In a tentative 50-year deal, Santa Barbara will expand the capacity of its desalination plant to sell water to Montecito.
Paul Wellman

Even with last week’s rains increasing Lake Cachuma elevations by more than five feet, the available supply for South Coast water agencies has remained the same. Under the complex legal arithmetic by which Cachuma is divvied up, all the additional water accrues to agencies downstream; that will remain the case until there’s enough runoff in the Santa Ynez River to generate a live stream.

Paul Wellman

In the meantime, the City of Santa Barbara and the Montecito Water District appear close to a historic agreement over new desalinated water, by which the city sells 1,430 acre-feet a year to Montecito. Negotiations have gone on for three years. Under the terms and conditions of a tentative 50-year deal, Montecito would pay $2,700 an acre-foot to Santa Barbara with a maximum sale of 1,430 acre-feet a year. Santa Barbara will expand the capacity of its desalination plant by at least 1,430 acre-feet ​— ​a 50 percent bump ​— ​at an estimated cost of $24 million. The proposed deal calls for the construction of a new pipeline connecting the desal plant to the Cater Treatment facility located in San Roque above Highway 192. This will cost roughly $12 million to build, 65 percent of which would be borne by the Montecito district.

Courtesy Photo

Although negotiations started with desalinated water, the final terms stress there’s “no division of molecules” when it comes to the city’s water supply. As Councilmember Kristen Sneddon put it, “Montecito has no say over where the water comes from, and we have no say over what they do with it.” Should Santa Barbara find itself in extreme drought circumstances, City Hall does not have to provide the full 1,430 acre-feet. The tentative contract stipulates under what circumstances less-than-full-delivery can proceed.

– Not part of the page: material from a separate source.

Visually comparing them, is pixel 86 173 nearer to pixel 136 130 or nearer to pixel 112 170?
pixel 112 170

The deal, should it be ratified by both elected bodies, would increase Montecito’s water supply by about 35 percent. One hitch is that the energy required to power a desalination plant generates significant volumes of greenhouse-gas emissions. Councilmember Jason Dominguez ​— ​who sat on the city’s review panel overseeing negotiations ​— ​has been quick to object that the production of greenhouse-gas emissions caused the conditions that have given rise to the drought.